From Transactional Consistency to Real-Time Consistency

Luigi Scappin
5 min readMay 2, 2021

Data consistency was designed for transactions, but nowadays it is also key for real-time data management.

An historical perspective

Why is data consistency a key requirement for implementing transactions?

Let’s take a classic example: if money is debited from one account, it must also be credited to another account. In addition we have to make sure that either both operations are successfully completed, or both are rolled back.

At the same time we need to avoid that a query running between the two operations may find the debit from the first account but not the credit to the second.

We have to make sure that data are always consistent, at any point in time.

This is key also for simple operations like changing the address of a customer in a database. Changing the city and the street should not be separated activities, otherwise a query running in between might happen to find the new city with the old street.

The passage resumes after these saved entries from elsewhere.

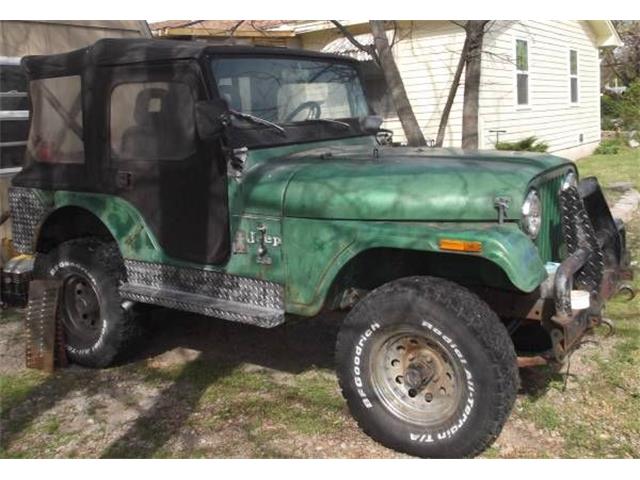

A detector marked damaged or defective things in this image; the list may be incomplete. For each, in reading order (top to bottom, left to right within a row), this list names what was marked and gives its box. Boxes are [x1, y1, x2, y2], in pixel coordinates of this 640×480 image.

rusted metal part [24, 280, 61, 374]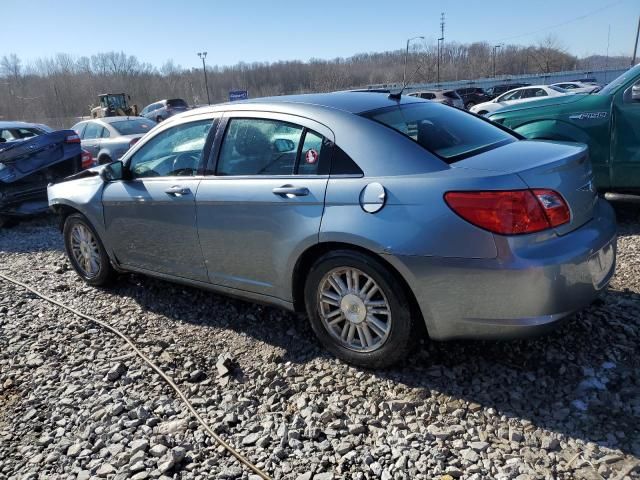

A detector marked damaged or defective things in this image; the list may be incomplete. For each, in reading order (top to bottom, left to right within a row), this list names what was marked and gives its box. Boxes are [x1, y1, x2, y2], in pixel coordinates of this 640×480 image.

wrecked vehicle [0, 124, 82, 229]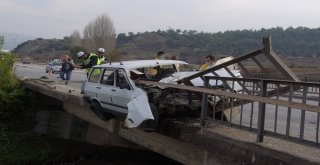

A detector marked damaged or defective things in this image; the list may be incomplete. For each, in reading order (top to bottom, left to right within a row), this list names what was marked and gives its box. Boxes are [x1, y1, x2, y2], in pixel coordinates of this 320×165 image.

damaged white car [82, 58, 242, 129]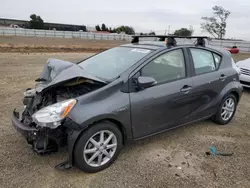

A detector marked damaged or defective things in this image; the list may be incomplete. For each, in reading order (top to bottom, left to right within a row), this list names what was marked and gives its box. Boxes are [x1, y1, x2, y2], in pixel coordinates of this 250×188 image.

hood damage [18, 58, 106, 154]
damaged gray hatchback [11, 36, 242, 173]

In the era of analytics and big data, companies started to create consistent and static copies of data into Data Warehouses and Data Lakes, usually for analysing and “extracting value” from data.

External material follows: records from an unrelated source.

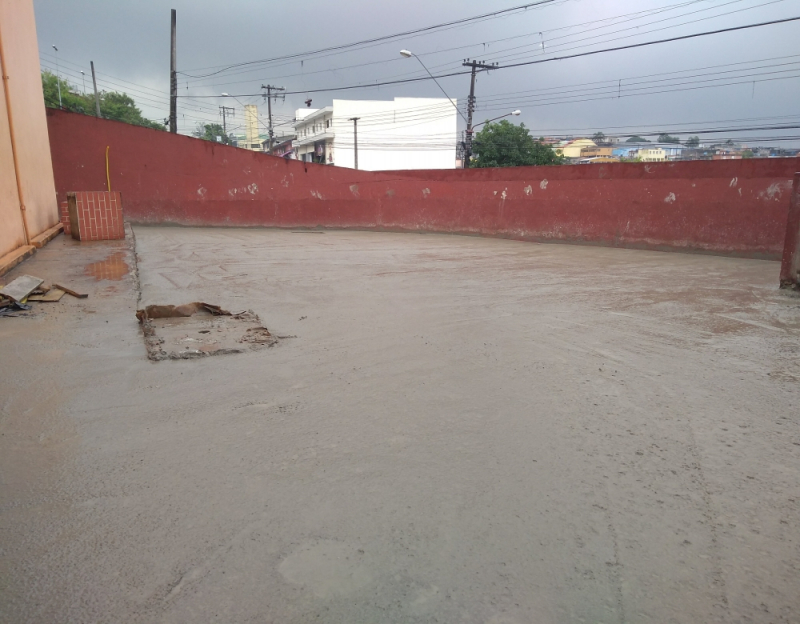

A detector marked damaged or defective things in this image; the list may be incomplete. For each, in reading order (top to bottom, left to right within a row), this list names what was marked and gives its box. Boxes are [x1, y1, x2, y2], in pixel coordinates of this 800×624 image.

damaged floor patch [135, 302, 278, 360]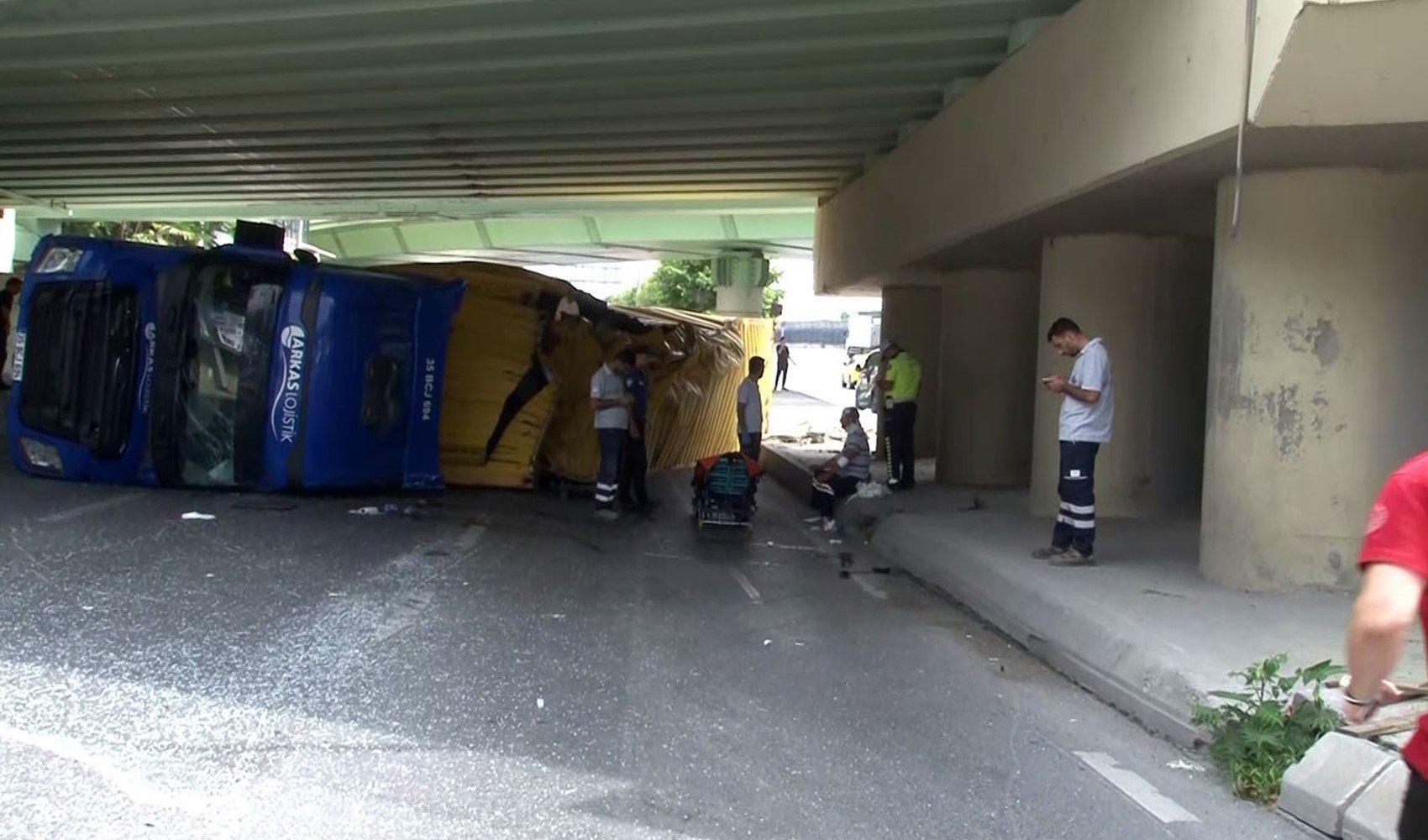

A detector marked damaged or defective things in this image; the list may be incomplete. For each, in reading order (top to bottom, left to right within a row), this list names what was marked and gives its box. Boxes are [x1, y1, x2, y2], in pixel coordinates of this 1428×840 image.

overturned blue truck cab [12, 223, 468, 491]
crumpled yellow panel [382, 258, 771, 488]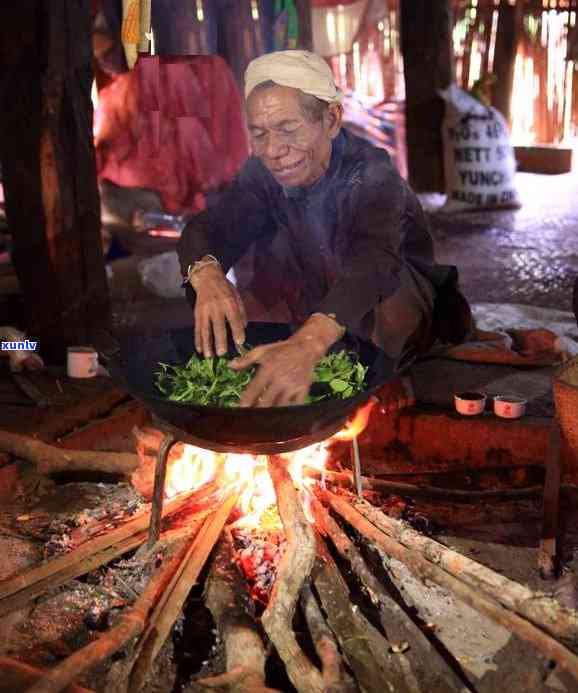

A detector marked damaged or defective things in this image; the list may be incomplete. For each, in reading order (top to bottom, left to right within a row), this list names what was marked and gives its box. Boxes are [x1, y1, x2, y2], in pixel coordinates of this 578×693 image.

charred stick [0, 428, 137, 476]
charred stick [302, 468, 540, 500]
charred stick [0, 656, 92, 692]
charred stick [23, 532, 200, 693]
charred stick [128, 492, 238, 692]
charred stick [198, 532, 280, 688]
charred stick [262, 454, 324, 692]
charred stick [296, 580, 356, 692]
charred stick [310, 536, 410, 692]
charred stick [310, 498, 468, 692]
charred stick [324, 492, 578, 680]
charred stick [348, 492, 576, 644]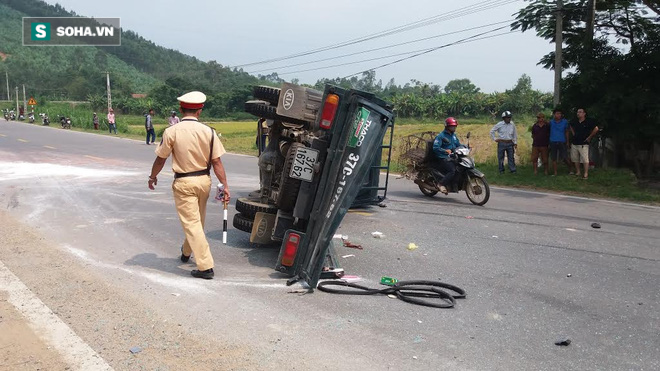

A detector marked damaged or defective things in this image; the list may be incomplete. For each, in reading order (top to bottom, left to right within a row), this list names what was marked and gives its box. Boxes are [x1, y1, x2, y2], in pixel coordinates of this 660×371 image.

overturned truck [235, 83, 394, 290]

Nowadays the concept of “data driven company” is evolving beyond just “understanding” static data for making decisions, moving towards “using” real-time data to effectively do new business.

Building new modern applications that can leverage real-time ever changing data in a consistent way is going to be the new big challenge.

BASE is too code centric, ACID is not enough

During the last decade, BASE consistency became trendy among developers.

BASE stands for “Basically Available, Soft state, Eventually consistent”.

  • Basically Available: Rather than enforcing immediate consistency, BASE databases will ensure availability of data by spreading and replicating it across the nodes of a database cluster.
  • Soft State: Due to the lack of immediate consistency, data values may change over time. The BASE model breaks off with the concept of a database which enforces its own consistency, delegating that responsibility to developers.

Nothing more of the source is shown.